3)      Bentuk ijazah secara umum, seperti ungkapan “saya ijazahkan kepada kaum muslimin atau kepada orang orang yang ada (hadir)
4)      Bentuk Al ijazah kepada orang yang tidak tertentu untuk meriwayatkan sesuatu yang tidak tertentu. Cara seperti ini dianggap fasid (rusak)
5)      Bentuk ijazah kepada orang yang tidak ada. Seperti mengijazahkan kepada bayi yang masih dalam kandungan. Bentuk ijazah seperti ini tidak sah
6)      Bentuk ijazah mengenai sesuatu yang belum diperdengarkan atau dibacakan kepada penerima ijazah. Seperti ungkapan “ saya ijazahkan kepadamu untuk kamu riwayatkan dariku sesuatu yang akan kuperdengarkan kepadamu” cara seperti ini dianggap batal.
7)      Bentuk al ijazah al mujaz, saya ijazahkan kepada mu ijazah ku” bentuk seperti ini diperbolehkan.

  1. Al Munawalah

Yakni seseorang guru memberikan hadist atau beberapa hadist atau kepada muridnya untuk diriwayatkan. Ada juga yang mengatakan, bahwa al munawalah ialah seseorang guru memberi kepada seseorang murid kitab asli yang didengar dari guru nya, atau sesuatu naskah yang sudah dicocokkan. Sambil berkata “inilah hadist hadist yang sudah saya dengar dari seseorang, maka Riwayatkanlah hadist ini dariku dan saya ijazahkan kepada mu untuk diriwayatkan”.
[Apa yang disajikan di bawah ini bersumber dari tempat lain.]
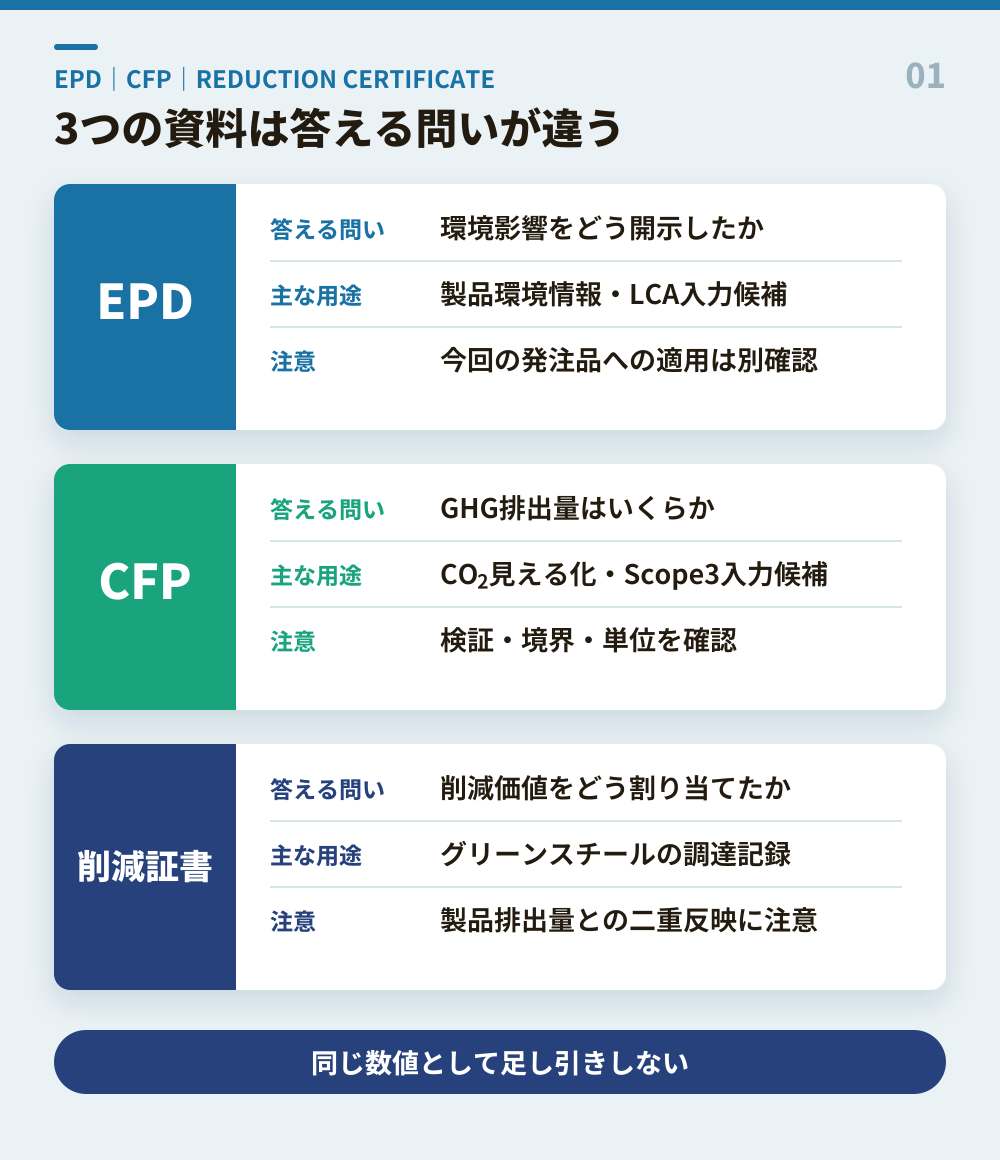 EPD・CFP・削減証書が答える問いと調達で使う場面を比較する図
Al munawalah mempunyai dua bentuk:

1)      Al munawah dibarengi dengan ijazah. Misalnya setelah sang guru menyerahkan kitab nya yang telah ia riwayatkan atau naskah nya yang telah dicocokkan atau beberapa hadist yang telah ditulis, lalu ia katakan kepada murid nya “ini riwayat saya, maka riwayatkanlah dariku”. Termasuk al almunawalah dalam bentuk ini ialah sang murid membacakan naskah yang diperoleh dari guru nya kemudian sang guru mengakui dan mengijazahkan kepada murid nya untuk diriwayatkan dari nya. cara ini menurut Al Qadhi ‘iyad termasuk periwayatan yang dianggap sah oleh para ulama ahli hadist. Hadist hadist yang berdasar atas munawalah bersama ijazah biasa nya menggunakan redaksi “seseorang telah memberitahukan kepada ku/kami)
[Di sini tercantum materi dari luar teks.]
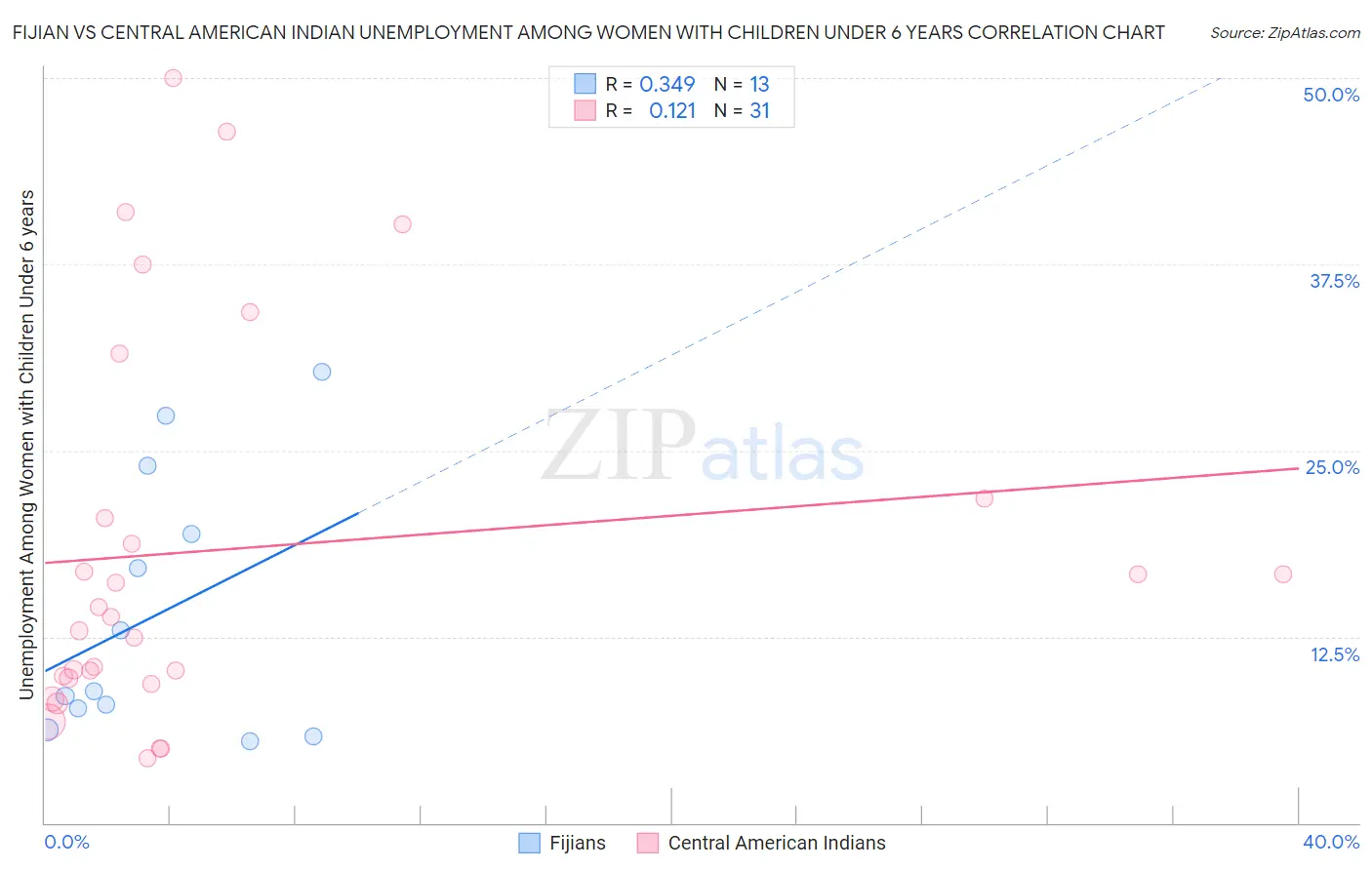 Fijian vs Central American Indian Unemployment Among Women with Children Under 6 years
2)      Al munawalah tanpa dibarengi dengan ijazah, seperti perkataan guru kepada murid nya ”ini hadist saya” “inilah adalah hasil pendengaran ku atau dari periwayatan ku” dan tidak mengatakan “riwayatkan lah dariku atau saya ijazahkan kepada mu. Menurut kebanyakan ulama al munawalah dalam bentuk ini tidak diperbolehkan. Hadist yang diriwayatkan berdasarkan munawalah tanpa dibarengi ijazah ini biasanya menggunakan redaksi “ seseorang telah memberikan kepada ku/kami)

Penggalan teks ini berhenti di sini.